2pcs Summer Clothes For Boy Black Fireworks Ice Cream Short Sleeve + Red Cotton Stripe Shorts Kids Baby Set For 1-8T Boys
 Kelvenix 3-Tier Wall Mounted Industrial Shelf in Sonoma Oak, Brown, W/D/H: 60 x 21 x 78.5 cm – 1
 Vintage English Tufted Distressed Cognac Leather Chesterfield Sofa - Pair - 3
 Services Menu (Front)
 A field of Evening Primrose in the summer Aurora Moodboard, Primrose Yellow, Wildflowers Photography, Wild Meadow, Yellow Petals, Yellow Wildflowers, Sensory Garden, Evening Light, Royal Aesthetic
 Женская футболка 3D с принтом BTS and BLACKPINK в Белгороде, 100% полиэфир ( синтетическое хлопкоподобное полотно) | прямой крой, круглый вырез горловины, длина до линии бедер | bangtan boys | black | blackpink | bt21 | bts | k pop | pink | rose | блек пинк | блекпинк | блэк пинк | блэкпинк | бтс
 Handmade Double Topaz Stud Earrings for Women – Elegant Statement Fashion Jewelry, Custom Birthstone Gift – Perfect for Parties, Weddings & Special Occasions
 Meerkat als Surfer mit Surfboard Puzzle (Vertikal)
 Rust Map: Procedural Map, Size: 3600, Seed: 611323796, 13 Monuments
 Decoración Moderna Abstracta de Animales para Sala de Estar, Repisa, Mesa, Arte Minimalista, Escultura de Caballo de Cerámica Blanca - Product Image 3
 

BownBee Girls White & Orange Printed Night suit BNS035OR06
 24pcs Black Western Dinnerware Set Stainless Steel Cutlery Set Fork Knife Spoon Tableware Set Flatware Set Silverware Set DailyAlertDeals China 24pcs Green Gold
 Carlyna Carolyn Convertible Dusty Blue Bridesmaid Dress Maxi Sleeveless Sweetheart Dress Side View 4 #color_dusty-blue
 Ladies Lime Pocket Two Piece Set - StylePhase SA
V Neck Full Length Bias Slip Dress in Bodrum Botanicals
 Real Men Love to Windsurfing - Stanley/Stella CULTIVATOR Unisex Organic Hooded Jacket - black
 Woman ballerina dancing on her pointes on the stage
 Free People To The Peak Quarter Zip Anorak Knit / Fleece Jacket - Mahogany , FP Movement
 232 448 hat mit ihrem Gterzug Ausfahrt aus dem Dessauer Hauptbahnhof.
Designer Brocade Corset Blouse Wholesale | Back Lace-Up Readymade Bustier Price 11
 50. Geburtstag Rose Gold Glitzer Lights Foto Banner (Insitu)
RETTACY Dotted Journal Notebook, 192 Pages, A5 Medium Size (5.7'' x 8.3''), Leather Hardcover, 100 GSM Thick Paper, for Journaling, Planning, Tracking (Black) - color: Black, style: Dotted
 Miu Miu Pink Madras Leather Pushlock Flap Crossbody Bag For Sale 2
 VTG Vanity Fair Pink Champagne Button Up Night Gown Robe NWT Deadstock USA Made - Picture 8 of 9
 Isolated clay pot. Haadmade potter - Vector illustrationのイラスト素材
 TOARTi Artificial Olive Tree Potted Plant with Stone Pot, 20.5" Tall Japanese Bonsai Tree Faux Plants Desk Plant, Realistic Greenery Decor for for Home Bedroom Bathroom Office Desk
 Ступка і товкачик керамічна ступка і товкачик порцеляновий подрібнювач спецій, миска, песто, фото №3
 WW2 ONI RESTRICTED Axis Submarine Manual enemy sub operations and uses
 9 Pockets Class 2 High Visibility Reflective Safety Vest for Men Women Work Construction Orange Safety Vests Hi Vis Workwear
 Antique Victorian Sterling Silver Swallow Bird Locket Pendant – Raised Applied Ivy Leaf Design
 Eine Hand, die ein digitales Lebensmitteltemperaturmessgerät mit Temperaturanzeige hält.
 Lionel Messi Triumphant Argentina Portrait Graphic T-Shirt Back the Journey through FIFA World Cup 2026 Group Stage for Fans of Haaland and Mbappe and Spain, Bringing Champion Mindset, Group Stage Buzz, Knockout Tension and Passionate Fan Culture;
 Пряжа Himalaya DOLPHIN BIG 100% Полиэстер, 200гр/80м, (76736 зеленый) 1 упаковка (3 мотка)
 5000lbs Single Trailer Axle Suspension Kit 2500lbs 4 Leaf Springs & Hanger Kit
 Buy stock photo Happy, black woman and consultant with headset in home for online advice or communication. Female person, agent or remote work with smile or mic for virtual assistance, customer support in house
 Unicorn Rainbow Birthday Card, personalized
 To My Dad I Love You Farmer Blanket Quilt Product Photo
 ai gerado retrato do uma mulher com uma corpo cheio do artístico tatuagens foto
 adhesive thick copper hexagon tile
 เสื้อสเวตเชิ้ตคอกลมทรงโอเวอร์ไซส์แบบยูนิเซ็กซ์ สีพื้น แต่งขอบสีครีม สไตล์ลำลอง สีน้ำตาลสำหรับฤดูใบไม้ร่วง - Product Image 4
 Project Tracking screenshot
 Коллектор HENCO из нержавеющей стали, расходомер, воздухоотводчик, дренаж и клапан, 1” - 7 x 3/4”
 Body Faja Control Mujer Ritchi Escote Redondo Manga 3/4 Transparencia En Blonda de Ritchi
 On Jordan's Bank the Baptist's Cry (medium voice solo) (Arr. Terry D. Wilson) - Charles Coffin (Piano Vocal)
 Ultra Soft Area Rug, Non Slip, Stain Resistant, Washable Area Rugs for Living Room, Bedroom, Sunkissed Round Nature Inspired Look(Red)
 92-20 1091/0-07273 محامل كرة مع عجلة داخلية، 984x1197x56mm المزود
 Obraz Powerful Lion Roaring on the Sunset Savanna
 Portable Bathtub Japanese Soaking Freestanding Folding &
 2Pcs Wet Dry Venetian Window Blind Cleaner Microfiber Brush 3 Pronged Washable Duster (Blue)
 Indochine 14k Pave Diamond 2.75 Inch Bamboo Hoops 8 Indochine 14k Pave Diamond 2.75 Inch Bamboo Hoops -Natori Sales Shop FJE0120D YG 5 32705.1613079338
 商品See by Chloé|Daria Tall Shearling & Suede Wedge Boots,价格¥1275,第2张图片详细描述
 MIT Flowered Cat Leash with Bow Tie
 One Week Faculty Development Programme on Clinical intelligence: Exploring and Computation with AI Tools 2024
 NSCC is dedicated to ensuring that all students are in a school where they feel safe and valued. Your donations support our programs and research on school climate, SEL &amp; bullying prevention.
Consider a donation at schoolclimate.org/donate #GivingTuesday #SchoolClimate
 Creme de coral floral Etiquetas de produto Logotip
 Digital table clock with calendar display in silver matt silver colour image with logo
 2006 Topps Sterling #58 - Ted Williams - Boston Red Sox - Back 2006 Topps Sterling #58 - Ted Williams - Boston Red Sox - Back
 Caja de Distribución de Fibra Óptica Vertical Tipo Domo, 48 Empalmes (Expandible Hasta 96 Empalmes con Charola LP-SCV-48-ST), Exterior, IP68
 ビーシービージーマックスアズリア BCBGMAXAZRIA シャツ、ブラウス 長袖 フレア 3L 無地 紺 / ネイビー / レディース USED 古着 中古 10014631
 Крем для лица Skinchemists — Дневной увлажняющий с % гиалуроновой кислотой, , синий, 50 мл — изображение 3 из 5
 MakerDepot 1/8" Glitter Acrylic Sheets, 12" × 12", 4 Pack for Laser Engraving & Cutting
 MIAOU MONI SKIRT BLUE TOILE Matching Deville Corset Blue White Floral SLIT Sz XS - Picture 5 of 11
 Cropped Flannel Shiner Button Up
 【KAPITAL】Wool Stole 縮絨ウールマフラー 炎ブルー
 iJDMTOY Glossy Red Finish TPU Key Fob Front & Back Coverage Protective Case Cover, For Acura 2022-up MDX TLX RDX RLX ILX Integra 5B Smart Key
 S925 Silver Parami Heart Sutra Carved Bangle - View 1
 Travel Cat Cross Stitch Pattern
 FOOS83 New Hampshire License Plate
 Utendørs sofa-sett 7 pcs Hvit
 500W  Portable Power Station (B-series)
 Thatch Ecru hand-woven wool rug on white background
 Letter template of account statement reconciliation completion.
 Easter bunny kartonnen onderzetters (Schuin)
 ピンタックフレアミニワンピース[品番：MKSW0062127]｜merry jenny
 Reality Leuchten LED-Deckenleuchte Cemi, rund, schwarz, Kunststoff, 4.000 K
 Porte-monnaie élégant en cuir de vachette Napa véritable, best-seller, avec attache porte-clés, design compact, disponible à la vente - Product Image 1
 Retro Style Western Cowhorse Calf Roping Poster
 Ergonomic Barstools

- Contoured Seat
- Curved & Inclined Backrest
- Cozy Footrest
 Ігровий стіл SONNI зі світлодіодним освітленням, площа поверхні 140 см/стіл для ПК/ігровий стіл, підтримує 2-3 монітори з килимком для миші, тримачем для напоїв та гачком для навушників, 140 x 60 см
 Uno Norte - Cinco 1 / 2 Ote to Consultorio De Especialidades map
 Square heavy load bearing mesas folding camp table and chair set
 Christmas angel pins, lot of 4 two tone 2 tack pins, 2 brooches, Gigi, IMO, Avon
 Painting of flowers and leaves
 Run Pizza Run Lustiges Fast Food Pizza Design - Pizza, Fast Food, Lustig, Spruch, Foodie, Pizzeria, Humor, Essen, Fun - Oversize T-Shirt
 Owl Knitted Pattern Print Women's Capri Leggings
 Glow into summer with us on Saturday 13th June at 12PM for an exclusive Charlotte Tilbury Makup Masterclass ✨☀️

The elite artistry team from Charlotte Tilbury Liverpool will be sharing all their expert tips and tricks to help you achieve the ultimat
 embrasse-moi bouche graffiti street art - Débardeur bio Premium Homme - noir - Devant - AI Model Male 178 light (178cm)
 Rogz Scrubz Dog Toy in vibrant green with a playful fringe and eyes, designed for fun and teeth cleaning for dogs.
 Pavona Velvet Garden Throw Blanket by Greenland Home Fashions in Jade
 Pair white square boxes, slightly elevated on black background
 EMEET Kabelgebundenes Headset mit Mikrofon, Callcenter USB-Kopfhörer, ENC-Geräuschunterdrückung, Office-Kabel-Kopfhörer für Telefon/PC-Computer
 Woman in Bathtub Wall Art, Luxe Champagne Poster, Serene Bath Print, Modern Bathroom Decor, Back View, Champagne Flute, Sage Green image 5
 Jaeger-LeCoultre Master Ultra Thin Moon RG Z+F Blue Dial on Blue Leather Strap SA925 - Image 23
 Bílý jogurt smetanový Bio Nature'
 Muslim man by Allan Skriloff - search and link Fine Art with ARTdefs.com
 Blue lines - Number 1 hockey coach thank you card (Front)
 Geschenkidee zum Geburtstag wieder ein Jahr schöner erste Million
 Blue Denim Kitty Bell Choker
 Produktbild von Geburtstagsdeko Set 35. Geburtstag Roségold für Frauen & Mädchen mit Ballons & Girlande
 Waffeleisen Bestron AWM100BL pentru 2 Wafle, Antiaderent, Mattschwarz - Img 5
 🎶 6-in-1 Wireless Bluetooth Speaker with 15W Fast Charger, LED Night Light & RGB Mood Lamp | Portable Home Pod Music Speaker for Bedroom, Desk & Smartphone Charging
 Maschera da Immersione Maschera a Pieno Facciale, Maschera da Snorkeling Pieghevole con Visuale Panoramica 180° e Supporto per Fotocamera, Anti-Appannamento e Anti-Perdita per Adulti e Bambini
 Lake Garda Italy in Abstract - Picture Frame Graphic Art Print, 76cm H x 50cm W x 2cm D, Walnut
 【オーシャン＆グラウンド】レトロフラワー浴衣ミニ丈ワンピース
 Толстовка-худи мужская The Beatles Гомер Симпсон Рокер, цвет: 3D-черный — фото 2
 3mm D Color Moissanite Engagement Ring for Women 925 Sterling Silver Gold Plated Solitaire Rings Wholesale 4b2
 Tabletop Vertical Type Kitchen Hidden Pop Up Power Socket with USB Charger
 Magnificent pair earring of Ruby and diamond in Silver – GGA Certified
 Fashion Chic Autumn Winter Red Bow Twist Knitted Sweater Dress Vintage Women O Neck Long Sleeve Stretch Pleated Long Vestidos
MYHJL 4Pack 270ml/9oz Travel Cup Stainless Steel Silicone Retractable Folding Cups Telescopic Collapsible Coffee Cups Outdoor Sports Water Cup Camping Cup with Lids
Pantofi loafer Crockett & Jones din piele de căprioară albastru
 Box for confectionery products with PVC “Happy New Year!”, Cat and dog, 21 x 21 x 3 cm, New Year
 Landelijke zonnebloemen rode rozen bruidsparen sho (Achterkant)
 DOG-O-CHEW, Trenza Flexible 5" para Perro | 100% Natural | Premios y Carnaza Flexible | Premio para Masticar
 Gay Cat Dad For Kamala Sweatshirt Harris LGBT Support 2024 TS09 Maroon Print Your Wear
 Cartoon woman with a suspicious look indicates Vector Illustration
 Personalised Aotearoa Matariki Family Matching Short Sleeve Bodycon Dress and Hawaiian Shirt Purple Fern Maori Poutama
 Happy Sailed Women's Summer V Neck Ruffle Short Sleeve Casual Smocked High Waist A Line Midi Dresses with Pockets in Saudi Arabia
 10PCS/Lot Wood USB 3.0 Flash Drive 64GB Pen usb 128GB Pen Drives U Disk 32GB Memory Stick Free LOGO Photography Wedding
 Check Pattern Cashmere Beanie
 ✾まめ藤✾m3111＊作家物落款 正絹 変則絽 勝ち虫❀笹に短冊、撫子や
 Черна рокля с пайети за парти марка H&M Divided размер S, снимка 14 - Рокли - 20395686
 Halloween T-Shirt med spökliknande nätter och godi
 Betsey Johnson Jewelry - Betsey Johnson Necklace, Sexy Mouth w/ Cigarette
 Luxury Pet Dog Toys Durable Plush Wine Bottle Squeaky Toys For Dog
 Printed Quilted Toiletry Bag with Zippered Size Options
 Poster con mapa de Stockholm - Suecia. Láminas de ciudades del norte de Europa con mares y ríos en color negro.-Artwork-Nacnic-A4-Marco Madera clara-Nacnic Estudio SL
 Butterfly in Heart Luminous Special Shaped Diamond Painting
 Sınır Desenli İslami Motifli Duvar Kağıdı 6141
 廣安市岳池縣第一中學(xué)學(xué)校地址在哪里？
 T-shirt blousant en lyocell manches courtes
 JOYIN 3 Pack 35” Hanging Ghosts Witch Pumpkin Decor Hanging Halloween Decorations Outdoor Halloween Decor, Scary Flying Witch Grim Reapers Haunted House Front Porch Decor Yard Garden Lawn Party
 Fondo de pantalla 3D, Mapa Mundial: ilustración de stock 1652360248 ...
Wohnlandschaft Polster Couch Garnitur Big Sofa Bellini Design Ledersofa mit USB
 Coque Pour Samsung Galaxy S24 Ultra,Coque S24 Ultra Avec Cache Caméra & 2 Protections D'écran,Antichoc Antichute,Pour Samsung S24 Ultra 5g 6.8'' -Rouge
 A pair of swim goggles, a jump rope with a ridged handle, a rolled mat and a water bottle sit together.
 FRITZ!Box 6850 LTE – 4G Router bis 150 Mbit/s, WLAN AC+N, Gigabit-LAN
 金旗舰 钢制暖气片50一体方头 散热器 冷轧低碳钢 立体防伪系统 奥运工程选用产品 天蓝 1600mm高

※

Exercise: In the listing above, please copy exactly the lines from the first through the one that contains "BownBee Girls White", and no others.

Solution to the problem:
2pcs Summer Clothes For Boy Black Fireworks Ice Cream Short Sleeve + Red Cotton Stripe Shorts Kids Baby Set For 1-8T Boys
 Kelvenix 3-Tier Wall Mounted Industrial Shelf in Sonoma Oak, Brown, W/D/H: 60 x 21 x 78.5 cm – 1
 Vintage English Tufted Distressed Cognac Leather Chesterfield Sofa - Pair - 3
 Services Menu (Front)
 A field of Evening Primrose in the summer Aurora Moodboard, Primrose Yellow, Wildflowers Photography, Wild Meadow, Yellow Petals, Yellow Wildflowers, Sensory Garden, Evening Light, Royal Aesthetic
 Женская футболка 3D с принтом BTS and BLACKPINK в Белгороде, 100% полиэфир ( синтетическое хлопкоподобное полотно) | прямой крой, круглый вырез горловины, длина до линии бедер | bangtan boys | black | blackpink | bt21 | bts | k pop | pink | rose | блек пинк | блекпинк | блэк пинк | блэкпинк | бтс
 Handmade Double Topaz Stud Earrings for Women – Elegant Statement Fashion Jewelry, Custom Birthstone Gift – Perfect for Parties, Weddings & Special Occasions
 Meerkat als Surfer mit Surfboard Puzzle (Vertikal)
 Rust Map: Procedural Map, Size: 3600, Seed: 611323796, 13 Monuments
 Decoración Moderna Abstracta de Animales para Sala de Estar, Repisa, Mesa, Arte Minimalista, Escultura de Caballo de Cerámica Blanca - Product Image 3
 

BownBee Girls White & Orange Printed Night suit BNS035OR06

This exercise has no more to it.